Finding value with your sleepers is the most important part of draft day. This is the best way to gain an advantage over your opponents and hit the ground running when Opening Day comes. One of my sleepers from last season that I got right was Jose Ramirez, who had a slash line of .318/.374/.583 to go along with 107 runs, 29 home runs, 83 RBIs, and 17 stolen bases. I drafted him in the 13th round, and he gave 2nd round value. One sleeper that I was very wrong about was Tyler Glasnow, who went 2-7 with a 7.69 ERA and 56 strikeouts in 62 innings last season. I drafted him in the 19th round, and he was easily droppable. Not all of your preseason sleepers will pan out, but if you can get a few that do, you’ll be set, and if you find one that drastically outperforms his draft position like Aaron Judge, you’ll have a huge advantage.

Our 2018 Sleepers:

Name C 1B 2B SS 3B OF SP RP
Erik McKeen
Francisco Mejia  (CLE)
Matt  Olson (OAK)
Scooter Gennett (CIN)
Paul DeJong (STL)
Rafael Devers (BOS)
Tommy Pham  (STL)
Jacob Faria (TB)
Blake Treinen (OAK)
Anthony Brown
James McCann (DET)
Greg Bird (NYY)
Cesar Hernandez (PHI)
Paul DeJong (STL)
Yangervis Solarte (TOR)
Ender Inciarte (ATL)
Trevor Williams (PIT)
Felipe Rivero (PIT)
Griffin Murphy
Alex Avila   (ARI)
Justin Bour (MIA)
Matt Carpenter (STL)
Marcus Semien (OAK)
Marwin Gonzalez (HOU)
Steven Souza    (TB)
Jeff Samardzija (SF)
Sean Doolittle (WAS)


Erik’s Top 3 sleepers:

1. Matt Olson (1B – OAK):

Matt Olson took the league by storm last year. Well… kind of; he only played the last 59 games of the season. He is not a household name yet but he will be at some point this season. Last year he had a slash line of .259/.352/.651, 33 runs, 24 home runs, and 45 RBIs in 59 games en route to an fWAR of 2.0 and 4th place in AL Rookie of the Year voting. These counting statistics extrapolated over 150 games amounts to 83 runs, 61 home runs, 114 RBIs, and a 5.0 fWAR. I certainly don’t think he’ll hit 61 home runs, but I also don’t think it’s outside the realm of possibility. I project him to have 85 runs, 35 home runs, 95 RBIs. I don’t expect his average to be great this season considering his .238 BABIP last season, but according to early ADP data, he is being drafted 132nd overall (18th among first basemen). I think he has a chance to be a top 10 first baseman, and at that price tag, it is very good value.

2. Tommy Pham (OF – STL):

I know what you’re thinking: how could a guy that finished 11th in NL MVP voting be a sleeper? Well, because he is currently being drafted 63rd overall (21st among outfielders), behind guys like Starling Marte and Willson Contreras. Yes, I know he is almost 30 years old and he had the best year of his career last season, but I don’t think this is a one year wonder. Pham contributes in all five major categories; last season he had a .306 batting average, 95 runs, 23 home runs, 73 RBIs, and 25 stolen bases. He cut his strikeout rate down to 22.1% last season to go along with a .368 BABIP and an fWAR of 5.9. Some may call him a regression candidate because of his career year, but in an improved Cardinals lineup, I think he will be even better this year. I project him to have a .300 batting average, 100 runs, 25 home runs, 85 RBIs, and steal 25 bases.

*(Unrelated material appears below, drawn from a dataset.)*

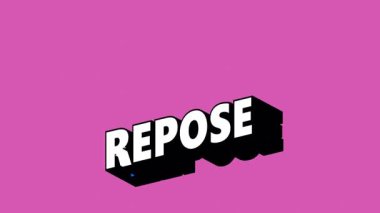 Renk Değiştiren Arkaplan ile Graffiti Biçiminde REPOSE Metni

3. Rafael Devers (3B – BOS):

Former top Red Sox prospect Rafael Devers quickly made his way up through the ranks of the minors. He started 2017 in Double-A, where he played about half the season, and only played in 9 games in Triple-A before being called up to the majors at the end of July. In 58 games in the majors, he had a .284 batting average, 34 runs, 10 home runs, and 30 RBIs. He also had an impressive 17.2% home run to fly ball ratio and a .342 BABIP. Devers is currently being drafted 101st overall (11th among third basemen). He is a future star and will be a first-round pick some day. He probably won’t deliver first round value this season, but he will definitely outperform his draft position and deliver great value on draft day. This season I project him to have a .290 batting average, 95 runs, 30 home runs, and 95 RBIs.

Anthony’s Top 3 sleepers:

1. Trevor Williams (SP – PIT):

Quite possibly the most underrated rookie last year, Williams received no votes in the ROY voting, despite being very comparable to rookie pitchers German Marquez and Kyle Freeland (who finished 5th and 7th, respectively). As a starter, Williams posted a 3.96 ERA and a 3.91 FIP in 138.2 innings, but if you take out two bad starts against the Dodgers and Cardinals (8 runs in 3 innings both starts), his ERA sits at 3.20. Although he doesn’t strike out many batters (7.0 K/9), he had a 48% ground ball rate and 28.9% hard contact rate, both better than league average. Despite a solid 2.2 fWAR last year, some sites aren’t even projecting him to be in the Pirates’ rotation (I’m looking at you, Rotochamp). However, as long as he remains in the rotation, Williams should put up solid numbers again, despite playing in one of the hardest divisions in baseball. Williams’ ADP is 473rd overall, which pretty much guarantees that he’ll outperform his ranking. If you happen to be looking for a low-risk pitcher during the last round of the draft, Trevor Williams is your best bet.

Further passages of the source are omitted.